All extant VPs of Lancashire and Cheshire were published c. 1900, most of them by the 1870s, but some trickling on into the early 20th century. Again, a magnificent job, but it is necessary to read between the lines and examine every detail in the introductions of publications to know whether you are reading exactly what was recorded at the time or a later ‘helpful’ (or not so helpful?) version given by the editor.
My conclusion is that the families in the 16th and 17th centuries knew very well who they themselves were, who their parents and siblings and aunts and uncles and cousins and grandparents were, and that we should believe them. The main problems in interpreting these come from families attempting to provide their ancestry back further than four generations before, and many ‘helpful’ souls in the 19th and 20th centuries trying to prove that they were wrong in not knowing about their immediate families.
Visitation Pedigrees of the Standishes of Duxbury
All published by Chetham’s Society
1. 1533. The first Visitation conducted by a Herald, and rather minimal. It merely gives details of James, Lord of the Manor at the time, his immediate family and his coat of arms.
2. 1567. VP of Family A, the senior line in Duxbury. Pretty accurate and followed the pedigree given by the family itself. The senior line had not yet died out.
3. 1613. VP of Family A. More or less a copy of 1567, stopping at Thomas, who died in c. 1576 and not continued down to A.S., the current incumbent.
3. 1613. VP of Family B. (The only one presented by this family.) Pretty accurate apart from at the very top where two generations are missing.
4. 1664/5. VP of Family A. (A repeat of the 1567 VP, with additions from the 1613 one. This was some time after this branch of the family had died out; a few strange changes first alerted me to ‘muddles’, which Sir William Dugdale tried to sort out. He didn’t, but muddled the situation further.)
DP 397/15/2 Genealogical notes on Standish family of Duxbury,
28 Edw. I – 18 Hen. VIII. 17th cent.
The next Pedigree Chart of the Standishes of Duxbury will be published in due course. This is a euphemism for ‘whenever I find time to incorporate all the notes and references accumulated over the years into some form that makes sense to anyone other than me’. At the moment it could paper a small wall and is no way reproducible on a single web page. As an interim solution, mini-trees of relevant bits of the family appear in the appropriate sections.

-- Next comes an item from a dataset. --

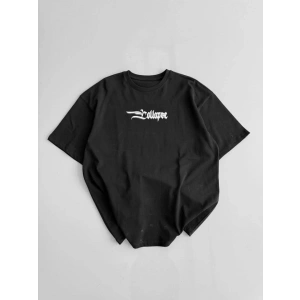 Baskılı Oversize Bisiklet Yaka T-shirt - Siyah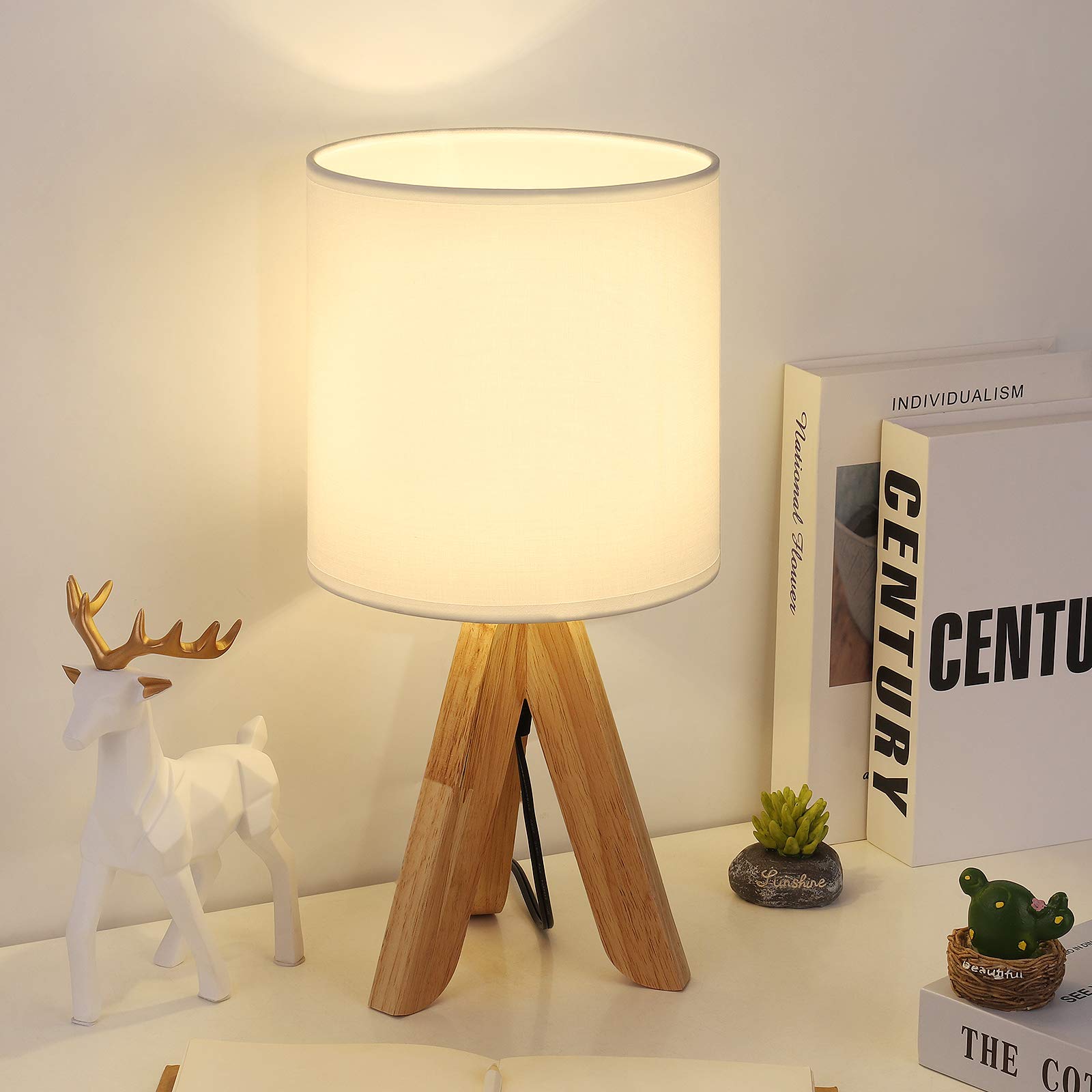 Small Cute Desk Lamp with Fabric Shade & Tripod Base - Nightstand Light for Kids Room, Office, Study, Bedroom, Dorm & Coffee Table - Perfect for Reading, Working & Decor (White)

By Pedigree Chart I mean an early honest attempt by others to reconstruct the descent of a particular family from earliest times until the present day, mainly on the basis of documents rediscovered by that time. Should anyone wish to repeat my process of head scratching, I give a list of those charts on my shelves that provided the initial outlines, and which proved the most useful. I must emphasise that I do not denigrate these in any way, but have total praise for their magnificent efforts. Many of the details presented were absolutely correct (of course), and I stand on their shoulders. However, none of these early compilers had access to the Standish of Duxbury Muniments, for which I express the greatest sympathy. On the other hand, the family papers on their own would never have revealed what they did without the pioneering work and publications of the following. Ultimately, the story that has emerged and is presented here was a joint effort over two centuries of a very small number of people just interested in the ‘truth’ about many fascinating Standishes of Duxbury.
Pedigree charts appear in:
1. The History of the County Palatine and Duchy of Lancaster, Vol. III, by Edward Baines, Esq., M.P., Pedigree Chart by W. R. Whatton, Esq., F.S.A., published by Foster, Son & Co, London, Paris, New York, 1836. Baines and Whatton deserve all praise for being the first. Baines was a rather remarkable man, as revealed by his biography in the DNB..

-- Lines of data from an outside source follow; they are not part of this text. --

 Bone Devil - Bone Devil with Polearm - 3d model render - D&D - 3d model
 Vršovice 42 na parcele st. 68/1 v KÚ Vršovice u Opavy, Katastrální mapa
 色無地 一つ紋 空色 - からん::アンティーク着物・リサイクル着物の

2. The same, but revised and with a new Pedigree Chart by Croston (various editions and dates from the 1870s onwards). I confess that I have still not worked all these out, as every library I have visited seems to have a different version, and a different number of volumes; some of the later editions include pedigree charts and some do not. The pedigree chart sent to me several years ago is a three-page one by Croston, on which the last date mentioned is 1878, which provides a pretty obvious clue and details of what 'new' documentation had been discovered by then about the early Standishes of Duxbury. The answer was not much, and what had been discovered was more muddling than clarifying, simply because the Standish of Duxbury Muniments were lost. Some vital progress had, however, been made, because of the work of 3.

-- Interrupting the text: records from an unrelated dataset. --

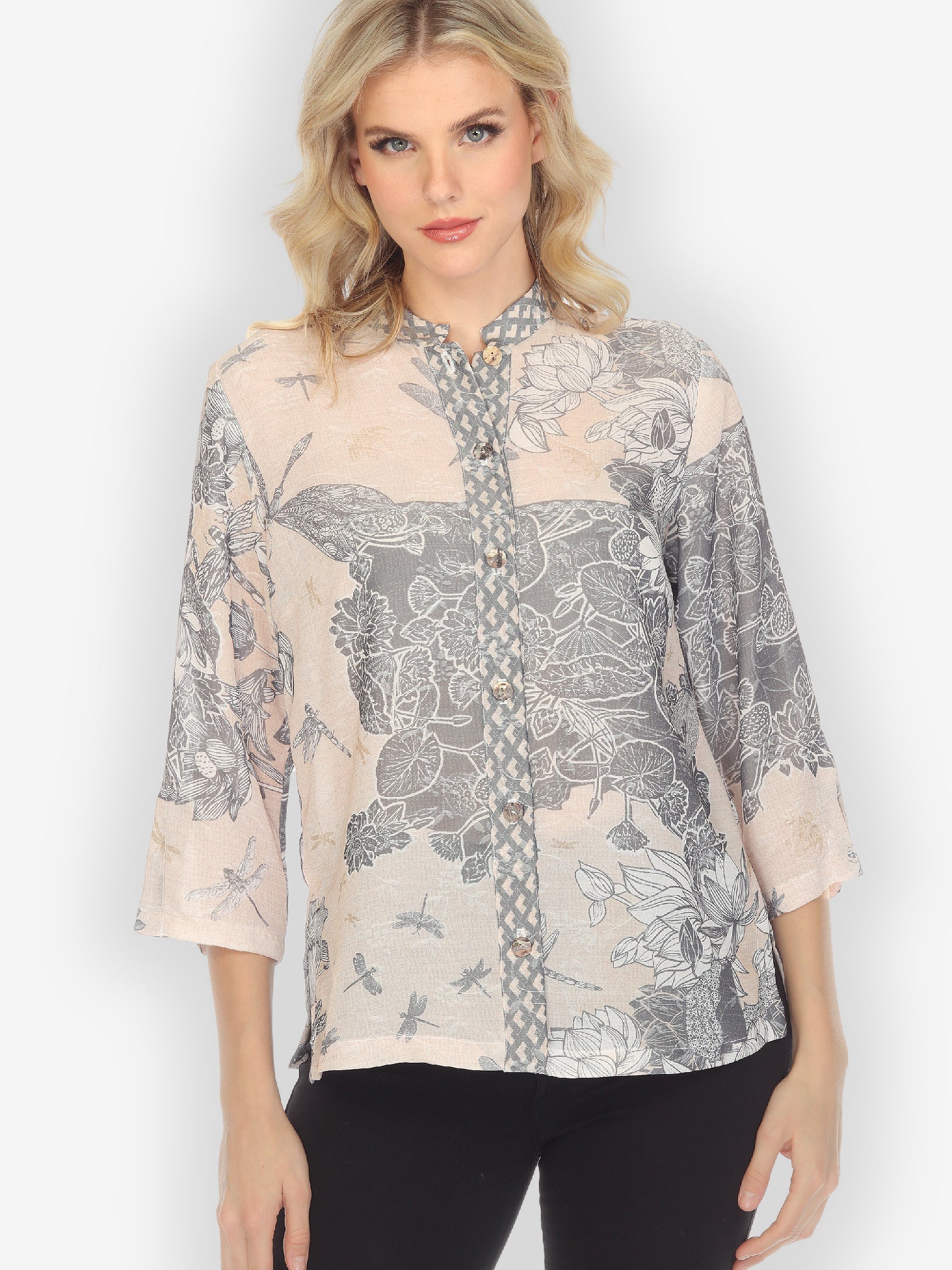 Jackets Dragonfly with Lotus Rayon Blouse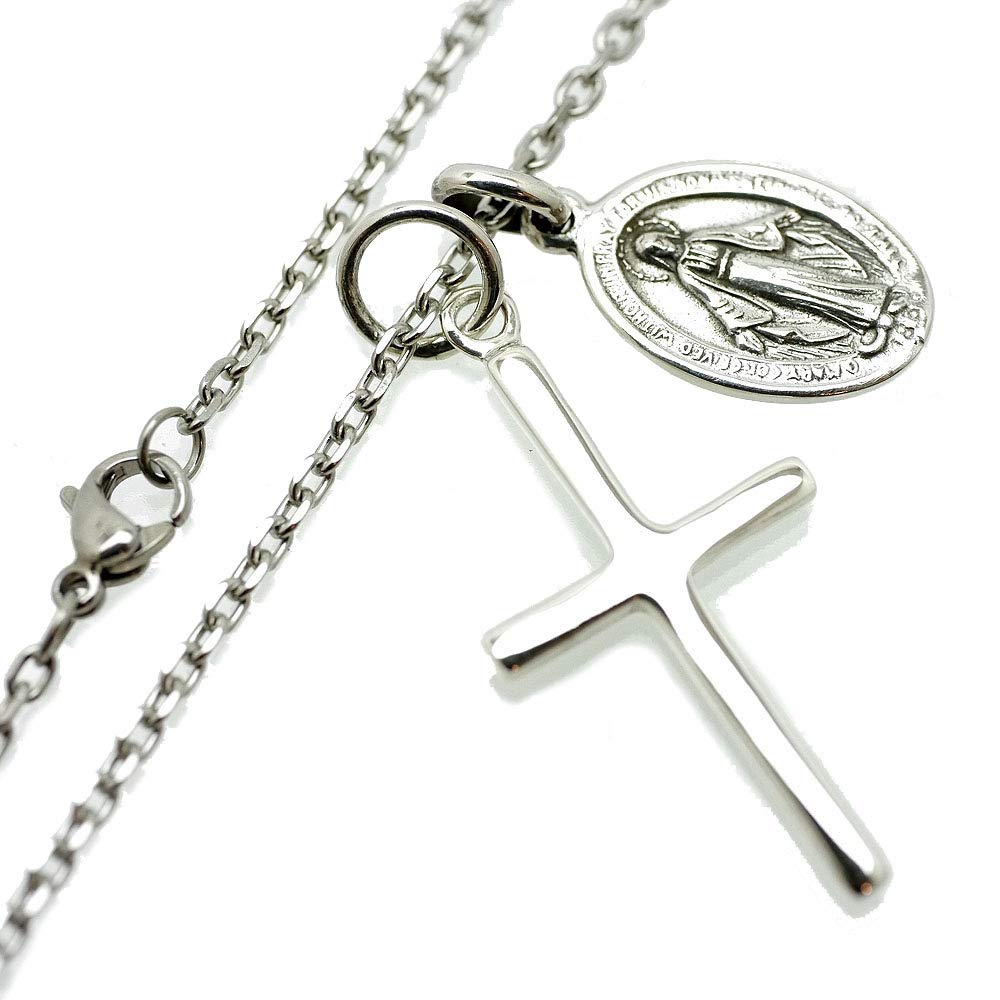 [Silver One] Sterling Silver 925 Miraculous Medal Virgin Mary & Cross Necklace Pendant Set with Chain for Men C1 [Length 50cm]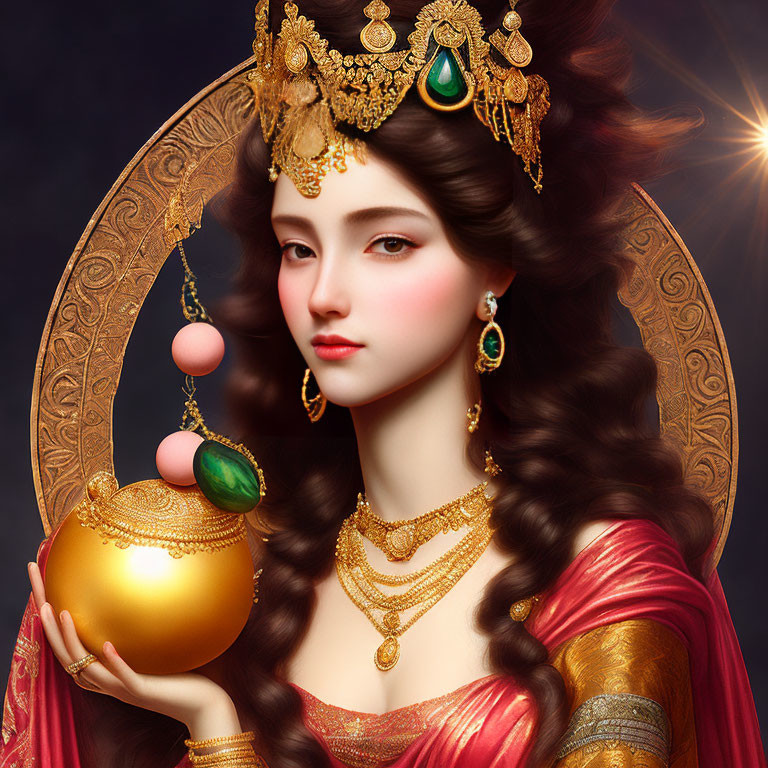 Woman in ornate golden headdress with mystical aura and orb on dark background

3. MSS chart by Rev. G. J. Piccope in the Piccope MSS (c. 1850s) (Chetham’s Library, i, p. 167). This is the one relied on mainly by Farrer. The occasional family dangling in the middle of nowhere on his chart indicates that he did quite as much head scratching as I did. The praise for Piccope lies in his energetic transcriptions for publications of so many documents (including so many Lancashire and Cheshire wills, including Alexander Hoghton’s of 1581, mentioning William Shakeshafte, published in 1860), and his sheer dedication. He produced his Standish of Duxbury chart before the publication of most of the Visitation Pedigrees, which makes his work even more remarkable.
4. John Wilson Verses and Notes (Hill, 1903), Appendix V. By far and away the most complete, including (for the first time) many precise dates from Chorley Parish Registers and a valiant attempt to incorporate everyone somewhere. His efforts are even more impressive, as he was the local postman, with a bent for history and genealogy (his brief story is told by Heyes). He had access to all the latest publications (when not delivering post), partly because Chorley Public Library had been set up in the meantime, with an extremely enlightened librarian, McKnight. His main problem was that he was the first to attempt a complete reconstruction after the final disappearance of the Standish of Duxbury family in the 19th century, and still with no signs of the reappearance of their family papers.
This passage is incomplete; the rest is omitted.